Reducing Redundancy in Results Chapters

Quantitative Results

Quantitative results chapters have the potential to sound repetitive and robotic. What can be done to spice it up and incorporate a unique perspective? Here we discuss some ways to break up or reduce redundancy in your results chapter.

For starters, when discussing the demographics of the sample, provide detailed narrative about the distribution of characteristics. Offer insight into what was surprising or unexpected. Perhaps the gender or racial disparity of participants was different than you expected. Or perhaps you anticipated an older demographic participating. Some reviewers will require you to relate the characteristics of your sample back to the population, so take opportunities to comment on the representativeness of your sample where appropriate. For descriptive statistics, try to compare scores to a previously established benchmark so that the audience has a reference point for what past studies have shown.

When using parametric analyses, statistical assumptions such as normality, linearity, or homoscedasticity are typically checked. If the same parametric analyses are conducted multiple times throughout the study, it may be most effective to cover all the statistical assumptions in one subsection prior to the inferential analyses. This way, you can efficiently present a definition and report the findings of each assumption test. This also allows you to avoid repeating descriptions of the assumption tests throughout your chapter.

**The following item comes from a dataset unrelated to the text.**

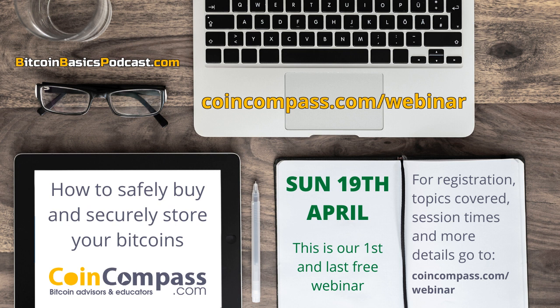Do you want to learn how to safely buy and securely store your Bitcoins? CoinCompass is running a free two-hour webinar on Sunday the 19th of April. For session times and to register, go to CoinCompass.com forward slash webinar.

Finally, as you report the findings of your inferential analyses, try to provide unique insight into what each finding means, even if similar analyses are being used. Provide the statistics and explain what the findings mean in layman’s terms; assume your reader had no background in statistics. You will want to leave the deep interpretation and implications of the findings for the discussion chapter, but you should still give enough explanation of the findings so that any reader will understand what you found.